= Risk intelligence =

Risk intelligence is a concept that generally means "beyond risk management", though it has been used in different ways by different writers. The term is being used more frequently by business strategists when discussing integrative business processes related to governance, risk, and compliance.

== Definitions ==
The first non-definitive usage of the phrase "risk intelligence" appears in the 1980s and aligns to the definition of intelligence as being information from an enemy (for example, regarding credit risk.) The topic of balancing risk and innovation using information and the cognitive processes involved also appears at this time. Recent usage is more aligned to intelligence as understanding and problem solving.

The US business writer David Apgar defines it as the capacity to learn about risk from experience.

Deloitte Risk Advisory partner (since retired) Stephen Wagner, along with former Deloitte partner and current management consultant and risk advisor Rick Funston, defined risk intelligence as a dynamic approach to protect and create value amid uncertainty. It is an enterprise wide process integrating people, processes (systems), and tools to increase information available to decision makers for improved decision making.

The UK philosopher and psychologist Dylan Evans defines it as "a special kind of intelligence for thinking about risk and uncertainty", at the core of which is the ability to estimate probabilities accurately. Evans includes a risk intelligence test (RQ) in his book and on his website (below) analogous to
IQ or EQ.

Computer scientist and risk researcher Jochen L. Leidner distinguishes three types of risk (risk type, likelihood and impact; the latter has also been called loss if expressed in negative financial terms); risk intelligence then is the process of obtaining these three pieces of information for any risk type an entity has non-trivial exposure. Risk intelligence can be obtained manually or with computer support.

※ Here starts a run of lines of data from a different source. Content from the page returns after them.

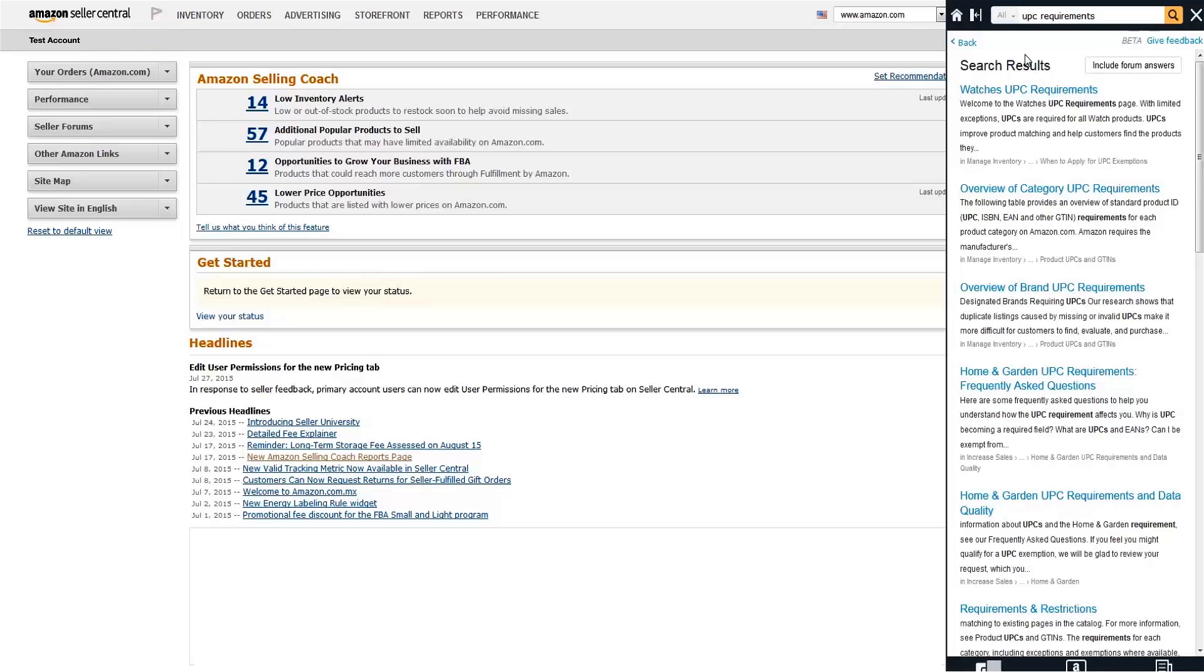If you'd like to get an overview of UPC requirements for various categories, do a quick search on UPC requirements in Seller Central and click the overview result for categories.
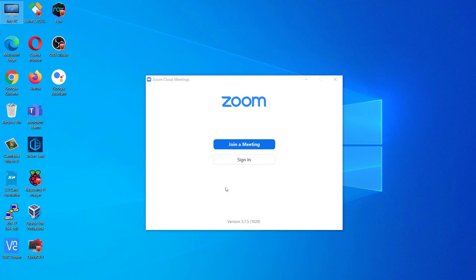Once installed, you will need to login to your Zoom account, which can be set up via the Zoom website if you don't already have one.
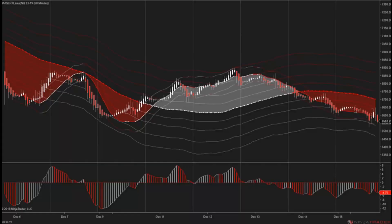Here is a 60-minute chart, and just to give you an introduction as to what you're looking at, what we're seeing — the indicator is built from several linear regression indicators and modified Keltner channels.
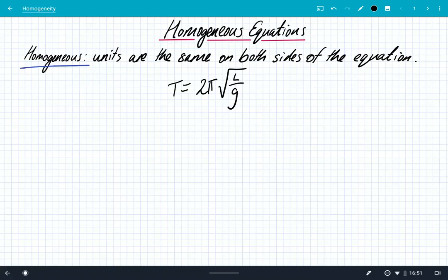Hey, what's up? We're going to look at homogeneous equations today. All equations in physics have to be homogeneous. So what does the word homogeneous mean? It simply means that the units are the same on both sides of the equation. We're going to go through three examples just to demonstrate how to solve these problems in an exam.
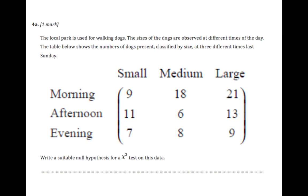So here we are going to do some chi-squared testing and use our TI-Inspire to help us get the right answers. So I'll read the question here. Okay, so straight away we have a null hypothesis.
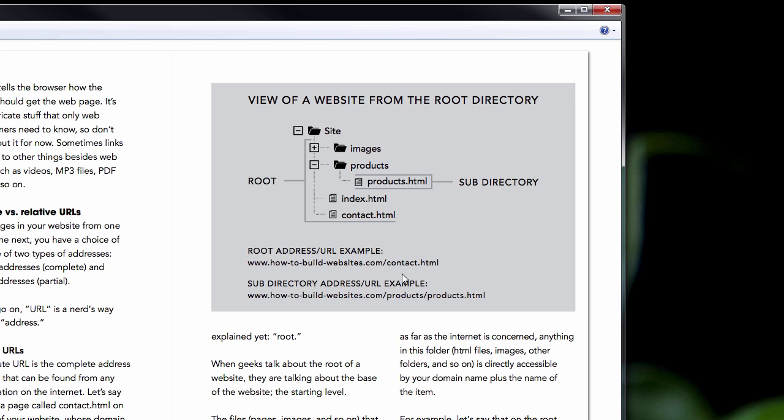Let's look at our little diagram here. You see contact.html. It's right inside the site folder, which is the root of the site. Here's an example of a root address.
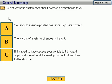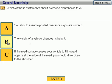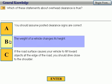That was about never removing a radiator cap when the system is pressurized and the vehicle is hot. Number 38: which of these statements about overhead clearance is true? A — you should assume posted clearance signs are correct. B — the weight of a vehicle changes its height. C — if road surface causes your vehicle to tilt, you should drive close to the shoulder. I'm going to go with B — the weight of a vehicle changes its height. Correct.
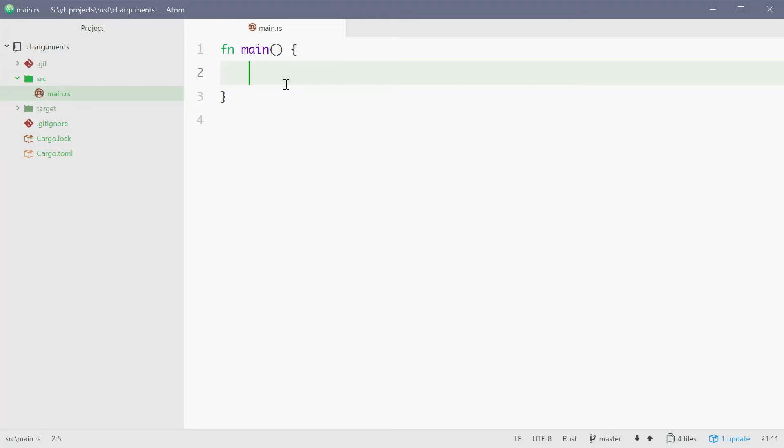How's it going? My name is Dom and today I'm going to show you how to use command line arguments in Rust.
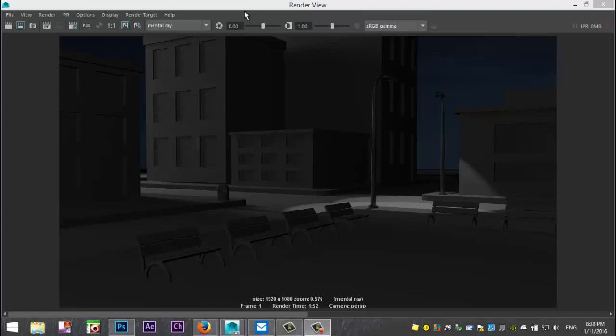What we're going to do today is we're going to create some fog in a street scene. So I set up this basic street here to demonstrate and this is actually extremely easy.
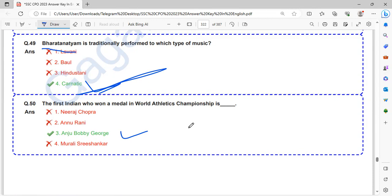So this is the 50 questions of 5th October 2nd shift. I will come with the last shift question answers in a short time. Till then, keep learning. Thank you for watching. Please subscribe my channel for more updates.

American financial executive, author, and Columbia University professor Leo Tilman defined risk intelligence as "The organizational ability to think holistically about risk and uncertainty, speak a common risk language, and effectively use forward-looking risk concepts and tools in making better decisions, alleviating threats, capitalizing on opportunities, and creating lasting value." He has argued that risk intelligence is essential to survival, success, and relevance of companies and investors in the post-crisis world. In this latest book Agility: How to Navigate the Unknown and Seize Opportunity in a World of Disruption (2019, co-authored with General Charles H. Jacoby Jr.), Tilman describes risk intelligence as a cornerstone of organizational agility.

==Comparison with business intelligence==
As an emerging concept, risk intelligence shares characteristics with other topics such as business intelligence and competitive intelligence. As such, there are some in those camps who believe that risk intelligence is the set of processes for the transformation of risk data into meaningful and useful information for risk analysis, treatment and planning purposes.